(Data items)

==================================================

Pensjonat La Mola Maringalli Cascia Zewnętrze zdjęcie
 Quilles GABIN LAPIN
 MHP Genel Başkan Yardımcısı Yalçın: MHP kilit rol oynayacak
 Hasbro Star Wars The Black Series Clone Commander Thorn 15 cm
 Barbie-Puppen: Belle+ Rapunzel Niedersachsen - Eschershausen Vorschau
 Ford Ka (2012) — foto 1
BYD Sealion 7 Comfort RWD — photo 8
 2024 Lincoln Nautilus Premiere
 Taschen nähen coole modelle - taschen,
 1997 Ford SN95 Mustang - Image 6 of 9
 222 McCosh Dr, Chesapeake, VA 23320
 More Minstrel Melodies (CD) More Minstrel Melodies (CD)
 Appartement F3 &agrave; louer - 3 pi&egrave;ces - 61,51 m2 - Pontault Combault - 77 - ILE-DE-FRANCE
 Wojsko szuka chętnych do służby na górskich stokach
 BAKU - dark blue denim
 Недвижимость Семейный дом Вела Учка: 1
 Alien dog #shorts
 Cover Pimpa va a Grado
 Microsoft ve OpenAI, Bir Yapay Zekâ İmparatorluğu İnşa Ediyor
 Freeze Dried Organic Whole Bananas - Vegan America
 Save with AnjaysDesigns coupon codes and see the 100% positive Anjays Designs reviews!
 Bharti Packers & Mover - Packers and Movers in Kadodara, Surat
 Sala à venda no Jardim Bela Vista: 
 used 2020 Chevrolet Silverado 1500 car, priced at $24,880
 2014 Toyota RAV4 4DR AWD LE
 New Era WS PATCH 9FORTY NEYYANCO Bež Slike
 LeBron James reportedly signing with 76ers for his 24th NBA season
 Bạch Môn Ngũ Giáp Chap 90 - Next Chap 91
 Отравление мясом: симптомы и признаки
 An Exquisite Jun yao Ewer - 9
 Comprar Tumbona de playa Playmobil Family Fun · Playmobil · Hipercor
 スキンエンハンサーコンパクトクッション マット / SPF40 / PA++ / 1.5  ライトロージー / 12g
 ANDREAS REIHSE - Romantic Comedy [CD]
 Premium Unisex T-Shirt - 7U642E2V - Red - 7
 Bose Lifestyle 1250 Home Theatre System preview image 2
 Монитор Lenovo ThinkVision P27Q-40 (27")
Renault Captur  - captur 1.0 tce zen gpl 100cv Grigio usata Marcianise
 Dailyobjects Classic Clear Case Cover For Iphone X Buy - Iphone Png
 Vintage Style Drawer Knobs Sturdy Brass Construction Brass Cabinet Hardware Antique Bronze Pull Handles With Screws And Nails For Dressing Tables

==================================================

## What you need to do
Every line in the records has to be written out again exactly.

## Answer space
Pensjonat La Mola Maringalli Cascia Zewnętrze zdjęcie
 Quilles GABIN LAPIN
 MHP Genel Başkan Yardımcısı Yalçın: MHP kilit rol oynayacak
 Hasbro Star Wars The Black Series Clone Commander Thorn 15 cm
 Barbie-Puppen: Belle+ Rapunzel Niedersachsen - Eschershausen Vorschau
 Ford Ka (2012) — foto 1
BYD Sealion 7 Comfort RWD — photo 8
 2024 Lincoln Nautilus Premiere
 Taschen nähen coole modelle - taschen,
 1997 Ford SN95 Mustang - Image 6 of 9
 222 McCosh Dr, Chesapeake, VA 23320
 More Minstrel Melodies (CD) More Minstrel Melodies (CD)
 Appartement F3 &agrave; louer - 3 pi&egrave;ces - 61,51 m2 - Pontault Combault - 77 - ILE-DE-FRANCE
 Wojsko szuka chętnych do służby na górskich stokach
 BAKU - dark blue denim
 Недвижимость Семейный дом Вела Учка: 1
 Alien dog #shorts
 Cover Pimpa va a Grado
 Microsoft ve OpenAI, Bir Yapay Zekâ İmparatorluğu İnşa Ediyor
 Freeze Dried Organic Whole Bananas - Vegan America
 Save with AnjaysDesigns coupon codes and see the 100% positive Anjays Designs reviews!
 Bharti Packers & Mover - Packers and Movers in Kadodara, Surat
 Sala à venda no Jardim Bela Vista: 
 used 2020 Chevrolet Silverado 1500 car, priced at $24,880
 2014 Toyota RAV4 4DR AWD LE
 New Era WS PATCH 9FORTY NEYYANCO Bež Slike
 LeBron James reportedly signing with 76ers for his 24th NBA season
 Bạch Môn Ngũ Giáp Chap 90 - Next Chap 91
 Отравление мясом: симптомы и признаки
 An Exquisite Jun yao Ewer - 9
 Comprar Tumbona de playa Playmobil Family Fun · Playmobil · Hipercor
 スキンエンハンサーコンパクトクッション マット / SPF40 / PA++ / 1.5  ライトロージー / 12g
 ANDREAS REIHSE - Romantic Comedy [CD]
 Premium Unisex T-Shirt - 7U642E2V - Red - 7
 Bose Lifestyle 1250 Home Theatre System preview image 2
 Монитор Lenovo ThinkVision P27Q-40 (27")
Renault Captur  - captur 1.0 tce zen gpl 100cv Grigio usata Marcianise
 Dailyobjects Classic Clear Case Cover For Iphone X Buy - Iphone Png
 Vintage Style Drawer Knobs Sturdy Brass Construction Brass Cabinet Hardware Antique Bronze Pull Handles With Screws And Nails For Dressing Tables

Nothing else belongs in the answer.